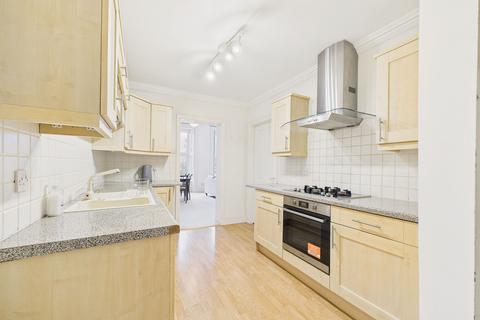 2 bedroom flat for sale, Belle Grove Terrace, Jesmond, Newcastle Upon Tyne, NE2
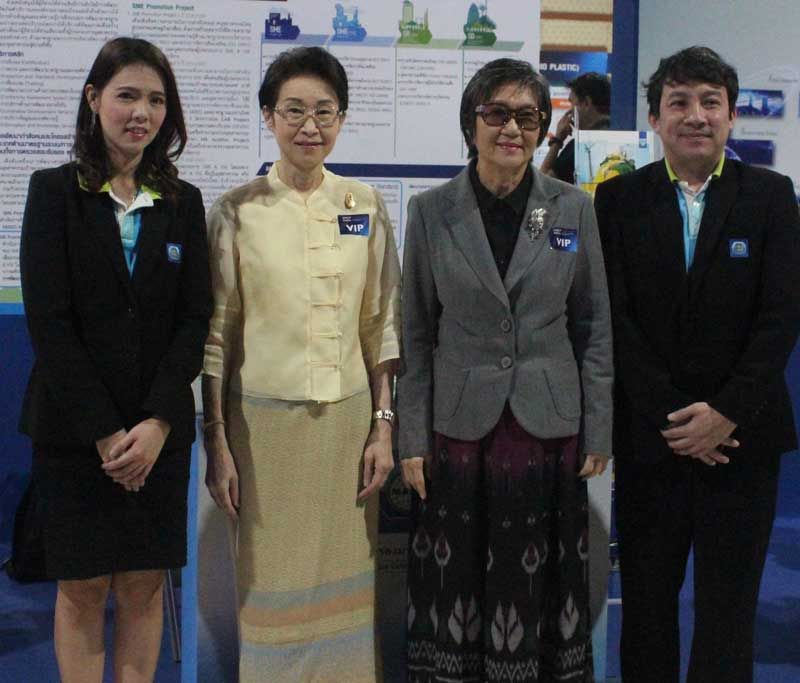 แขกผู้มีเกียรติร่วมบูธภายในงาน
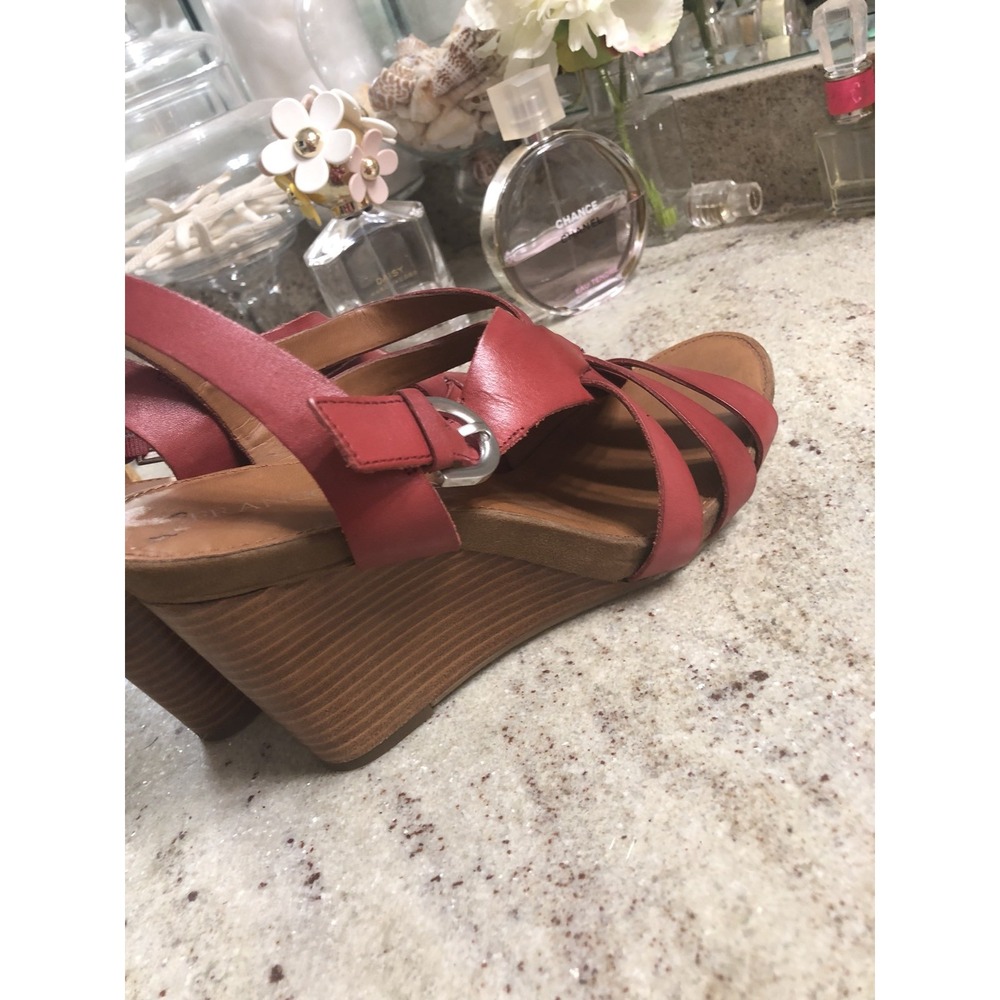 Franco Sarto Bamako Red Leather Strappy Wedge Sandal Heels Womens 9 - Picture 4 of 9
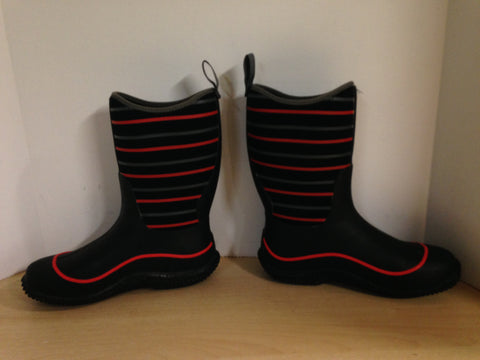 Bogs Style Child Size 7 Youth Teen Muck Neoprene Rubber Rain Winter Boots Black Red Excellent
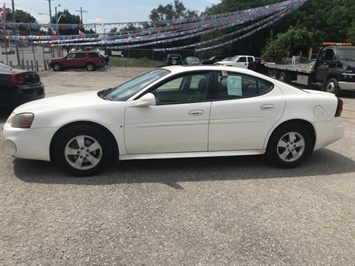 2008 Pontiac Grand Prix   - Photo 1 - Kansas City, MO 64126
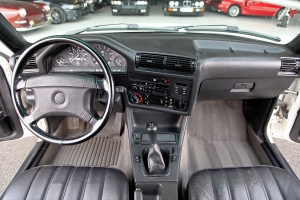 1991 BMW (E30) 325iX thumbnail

···

Each line from the one containing "2008 Pontiac Grand" through the end of the listing is to be set down exactly, with all pictures left out.

 2008 Pontiac Grand Prix   - Photo 1 - Kansas City, MO 64126
 1991 BMW (E30) 325iX thumbnail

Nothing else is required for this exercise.